ABOUT THIS EXERCISE: Within the listing below, please copy exactly the lines between the line holding "Nike Edge Trainer" and the line holding "Betma Street Map", inclusive.

===== RECORDS =====

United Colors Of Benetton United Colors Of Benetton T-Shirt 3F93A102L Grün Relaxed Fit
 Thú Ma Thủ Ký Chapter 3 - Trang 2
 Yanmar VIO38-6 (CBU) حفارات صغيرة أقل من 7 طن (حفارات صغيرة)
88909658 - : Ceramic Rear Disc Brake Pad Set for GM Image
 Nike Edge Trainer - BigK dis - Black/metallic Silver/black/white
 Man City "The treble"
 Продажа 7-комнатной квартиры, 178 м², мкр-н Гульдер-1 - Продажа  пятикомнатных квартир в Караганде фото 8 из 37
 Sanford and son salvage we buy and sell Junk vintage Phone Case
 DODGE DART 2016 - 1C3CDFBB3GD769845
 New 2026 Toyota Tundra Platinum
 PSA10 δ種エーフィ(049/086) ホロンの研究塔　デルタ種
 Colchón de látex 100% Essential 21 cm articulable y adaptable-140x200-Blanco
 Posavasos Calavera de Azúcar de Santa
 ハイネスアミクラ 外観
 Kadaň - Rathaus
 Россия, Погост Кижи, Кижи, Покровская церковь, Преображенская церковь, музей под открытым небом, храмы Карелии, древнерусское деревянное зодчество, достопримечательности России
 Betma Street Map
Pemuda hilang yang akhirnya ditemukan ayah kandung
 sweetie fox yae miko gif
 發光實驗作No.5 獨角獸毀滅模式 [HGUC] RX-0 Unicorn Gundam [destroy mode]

=====

TASK RESULT:
 Nike Edge Trainer - BigK dis - Black/metallic Silver/black/white
 Man City "The treble"
 Продажа 7-комнатной квартиры, 178 м², мкр-н Гульдер-1 - Продажа  пятикомнатных квартир в Караганде фото 8 из 37
 Sanford and son salvage we buy and sell Junk vintage Phone Case
 DODGE DART 2016 - 1C3CDFBB3GD769845
 New 2026 Toyota Tundra Platinum
 PSA10 δ種エーフィ(049/086) ホロンの研究塔　デルタ種
 Colchón de látex 100% Essential 21 cm articulable y adaptable-140x200-Blanco
 Posavasos Calavera de Azúcar de Santa
 ハイネスアミクラ 外観
 Kadaň - Rathaus
 Россия, Погост Кижи, Кижи, Покровская церковь, Преображенская церковь, музей под открытым небом, храмы Карелии, древнерусское деревянное зодчество, достопримечательности России
 Betma Street Map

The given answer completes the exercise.